# Oct 2018 Post Exam Wait - Welcome to the Suck



## RBHeadge PE (Oct 27, 2018)

Welcome to the post October 2018 PE post-exam wait period. A.K.A “Welcome to the Suck”. If you thought studying for the exam and taking the exam was the hard part, well you were wrong. Waiting for the exam results is the worst part of this whole process.

A few years ago @Dexman PE PMP  wrote a famous post ( http://engineerboards.com/topic/21356-feel-good-about-how-you-did-on-the-exam/ ) outlining the stages of the post-exam emotional roller-coaster. I’ve reproduced his immortal words (italics) and added a few new insights and advice below.

*Phase 0 (Emotional Hangover) *This happens immediately after the conclusion of the exam. You spend the next few days bouncing between phases 1-5, either individually or at the same time. You are Heisenberg's test result, simultaneously convinced that you passed and failed at the same time. You'll find yourself suddenly with a lot of free time and no idea what to spend it on (hint: spam thread here or burn off the stress at the gym). You'll be looking at which PE stamps to order, and which PE study classes to take for the next exam. After a few days your brain will slow down and you settle into...

*Phase 1 (CALM)* This stage will last a few days. You are mostly recovered from the mental marathon of the exam and post-exam emotional roller coaster. The full weight of what has just happened hasn’t really set in and you are probably a bit relaxed thinking that the worst is over.

*Phase 2* *(SECOND-GUESSING) *_will start to set in over the next few days. You will start to forget small (but important) pieces of the exam and forget how you answered the question, but will remember just enough so that you keep trying to re-calculate the answers in your head. You will slowly begin to convince yourself that you got it wrong._

*Phase 3* *(WORRY) *_will follow within a few weeks. At this point, you've convinced yourself that you've missed a few problems, but you *should* still be ok._

*Phase 4 (DOUBT)* _After worrying for about a month (we're now within _2-3 _weeks of results at this point), you'll jump into full blown doubt. You are now certain that you missed way too many questions to stand a chance at passing._

*Phase 5 (ANGER)* _Once you've lost hope of passing, you'll move into Phase 5 (anger) over the fact that it's taken way too damn long to grade a simple scantron and the guys at NCEES are morons for taking so long. I mean, really, 6-8 weeks to feed a scantron into a f*ing machine, COME ON!! Another source of anger stems from all of the "Not this shit again" and "Don't try to calc it because it's worthless" responses to all of your cut-score_ and release date_ posts._

BTW, want a sanity check of why it takes so long to “just score a scantron”? look here:

http://engineerboards.com/topic/29578-ncees-news-update/?page=8&amp;tab=comments#comment-7463208
 

*Phase 6 (RESULTS) *_Finally, you'll hit Phase 6 (results). Each person reacts differently at this point whether they passed or not, how many times they've taken it, financial implications, expectations, etc. Regardless of how the results come out, at this point you will find that the CAB of your choice is very welcomed to either celebrate or cry into._

Then there are the sub-phases. These can happen anytime during phases 2, 3, 4, and 5. The order of the sub-phases is arbitrary

*Sub-phase A (Trying to calculate the cut-score)* you’ll start speculating on the cut score, as if it’s universal for all exams. Maybe discussing a question in a nebulous way and convincing yourself that it will get tossed. You start spouting conspiracy theories that there is a quota for maximum and minimum number of passers (there isn’t), or that NCESS wants you to fail to get more of your money (meh, not really).

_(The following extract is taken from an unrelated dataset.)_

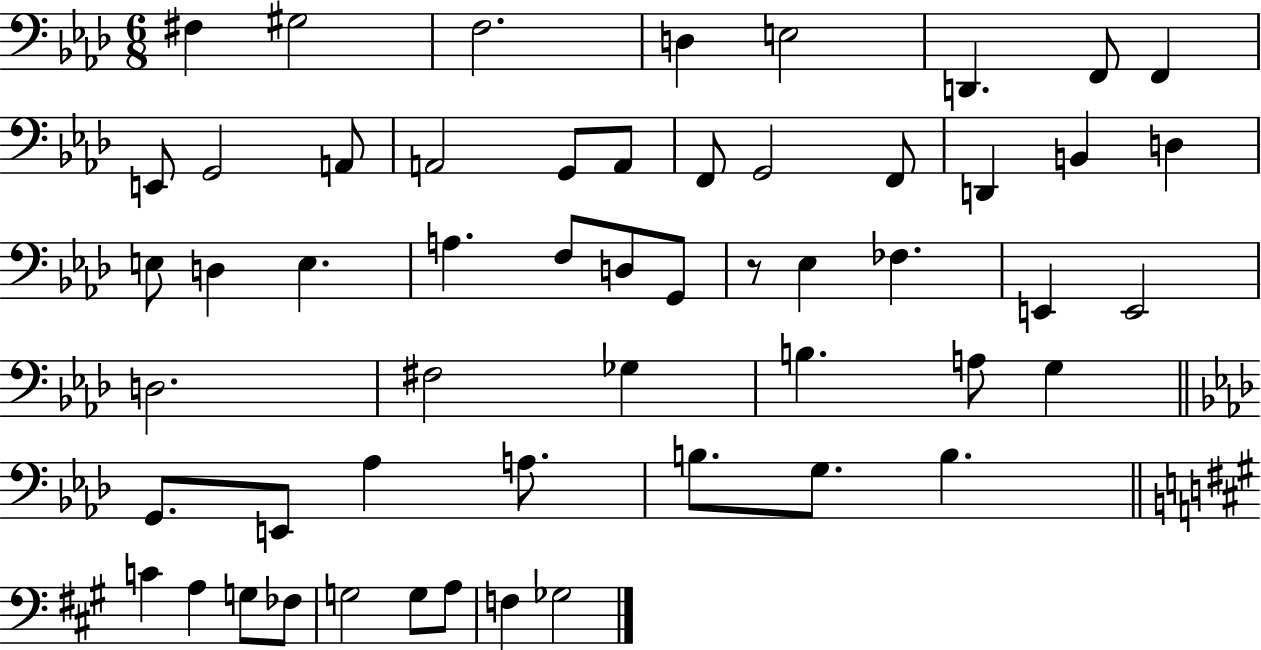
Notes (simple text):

F#3/q G#3/h F3/h. D3/q E3/h D2/q. F2/e F2/q E2/e G2/h A2/e A2/h G2/e A2/e F2/e G2/h F2/e D2/q B2/q D3/q E3/e D3/q E3/q. A3/q. F3/e D3/e G2/e R/e Eb3/q FES3/q. E2/q E2/h D3/h. F#3/h Gb3/q B3/q. A3/e G3/q G2/e. E2/e Ab3/q A3/e. B3/e. G3/e. B3/q. C4/q A3/q G3/e FES3/e G3/h G3/e A3/e F3/q Gb3/h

The cut score will vary from exam session to exam session and from one engineering discipline to another. The cut score is based on what the minimally competent PE would get for that selection of test problems. Yes, PEs and other SMEs take practice exams with those problems to establish a baseline.  It’s futile to try to guess the “cut score”, and even if you could you don’t know your own score anyway, so it really doesn’t matter.

Want a little more elaboration? Look here:

http://engineerboards.com/topic/30365-the-wait-is-killing-me/?do=findComment&amp;comment=7485676

*Sub-phase B (trying to figure out how to get results before they come out)* You’ll start trying to figure out ways to learn of your results before they come out. This will include searching your state’s PE license lookup or another state website, spam calling and emailing NCEES or the state board, etc.

First: Please be nice to your state board workers! You are taking this test to become a professional, so act like a professional.

NCESS won’t tell you anything beyond “8-10 weeks” until after they released the results. The state boards won’t tell you much more and NCESS usually doesn’t share anything firm with them anyway. The boards will often get surprised with the results too. No state starts updating their license lookup prior to the initial release of results. So don’t bother searching there until at least one state has released first! Some states (Mass, NJ, and a couple others) have other websites like   cs: where you can divine a pass/fail, but it won’t happen until other states have already started releasing, and those states tend to release after everyone else too.

*Sub-phase C* *(guessing the release date)* This is another favorite pass time. You’ll start looking through old map threads to try to guess the release date. Maybe you’ll look at state board meetings dates and try to cross reference with the past results to figure out when’s this years’ will come out. Multiple posters look at the (lack of) data and come to a “conclusion” that a given date is “it”. The OG’s tell you that the wait will last a little bit longer, but group-think sets in and the vets get mocked for “trolling”. Things get even worse when the “sure thing” date passes without a release.

No one can say with certainty when the results will be released this early after the exam. With that written, we have been following things for a while and we have an idea of when the release will generally happen. Fall results take longer than spring results because of the holidays and time available to schedule cut score meetings.

The vets may not know the exact date ahead of time, but we generally know the signs and can confidently give a “no earlier than” date. *This is not the same as a release date.* We’ll also know when things are imminent.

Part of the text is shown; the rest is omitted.